Stephanie Margolin: Sure, my name is Stephanie Margolin. I work in the library, I’m proudly a tenured faculty member. I’ve been at Hunter for about 10 years and I’ve been on the ACERT Steering Committee almost the whole time I’ve been at Hunter. So that is a big thing for me. 

Gina: I love that. When you’re at the library, what’s your favorite thing to do? 

Stephanie: The library, like my workplace or the library, like when I go there for fun? 

Gina: Both.

Stephanie: It is weird when the library is your workplace, right? Because we’re all library people. At work, I think my favorite things are to work collaboratively with my colleagues. I do a lot of that, and I really like working with students. I do a lot of one-on-one consultations with students, which is my favorite. In a classroom, I do not always see the learning happen, but when I’m one on one with somebody, I always see the light bulb go on. If I would just go to a library, I would probably go there to do my own research or reading. So that’s what would get me really excited. 

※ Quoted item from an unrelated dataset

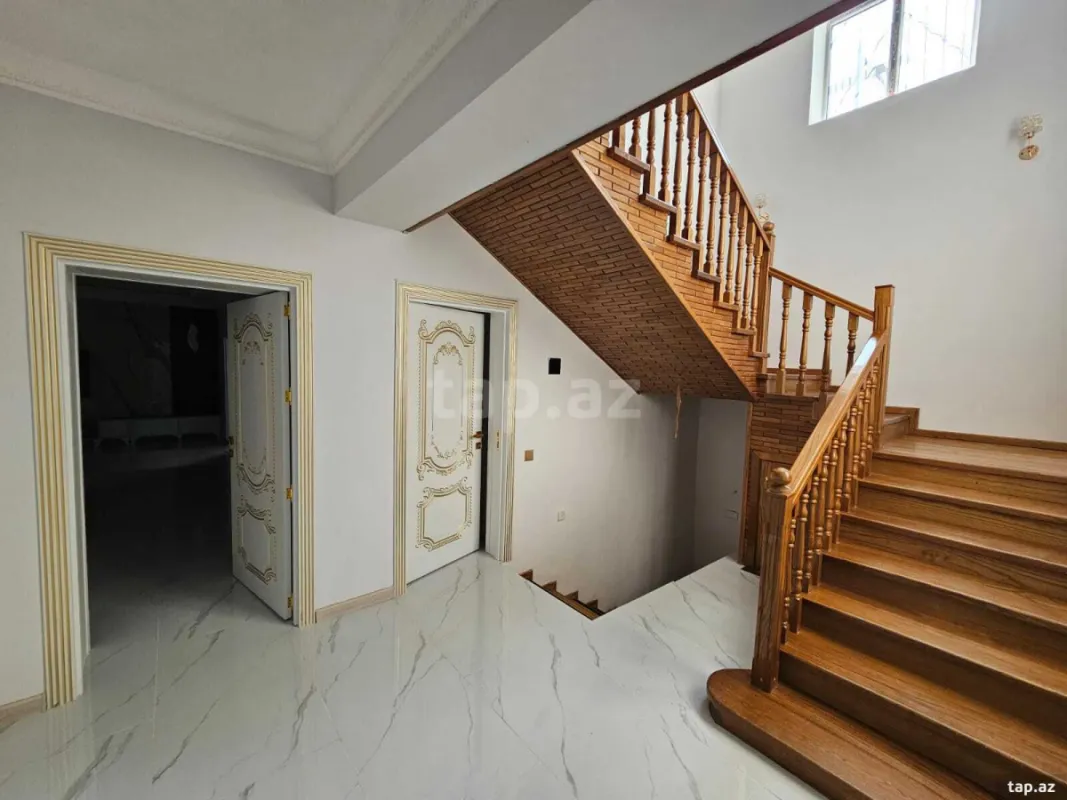 Kirayə verilir 5 otaqlı həyət evi 300 m²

Gina: Love it, love it, love it. We were so excited to have you participate in our ACERT Podcast Club and then at the end of the Club, we had everyone create a lightning talk about a teaching transformation they created after listening to all those podcasts in the Club. So can you tell us about your creation? 

Stephanie: Sure. I would first say that – I imagine everyone’s like this – but for me listening to the podcasts on a regular basis, I found myself incorporating things right away, right? And so it was actually kind of challenging to think about which things did I want to incorporate officially. Officially I was working on: the library has a one-credit class on information research, and I was working on that. Our class is online asynchronous and I teach it with somebody else. I have also spent a lot of time sending her podcasts. So we did some things right away. I was very interested in the idea of feedforward. One thing that I did was I stopped correcting students for what they did wrong in the past and tried to start to move forward to “when you do the next exercise, please make sure that you do this…” 

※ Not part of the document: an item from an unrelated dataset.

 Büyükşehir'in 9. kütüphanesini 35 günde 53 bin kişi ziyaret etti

Gina: Yeah, it’s almost like teaching life-coaching. 

Stephanie: Right. And I also liked the idea that when you’re giving feedback, you’re only giving feedback for one thing. But we have not yet fully implemented that. That’s part of what’s coming. This past semester while we were doing the Podcast Club, we also made a couple of changes to our course. One thing that’s really important in the research process is a good research question and we only had one lesson about a research question. Students wrote research questions and then we left it alone until the end of the semester. So we were like, that can’t be good. So what we did was after we did it once and then after maybe four or five weeks, we brought it back as mini-lessons. And the first mini-lesson we did was go look at your old research question, keep it or leave it; write it again and then look at someone else’s. We used Padlet, and so they did self-evaluation, then they did peer evaluation (look at someone else’s), and then the following week we said, shoot us a “before” and “after.” So shoot us what you had last week and then shoot us what you want to change it to now that you’ve gotten this feedback, and your feedback from your peer. And so that’s only at that point that we gave them some ideas about their research question and then we had them reflect on that process. 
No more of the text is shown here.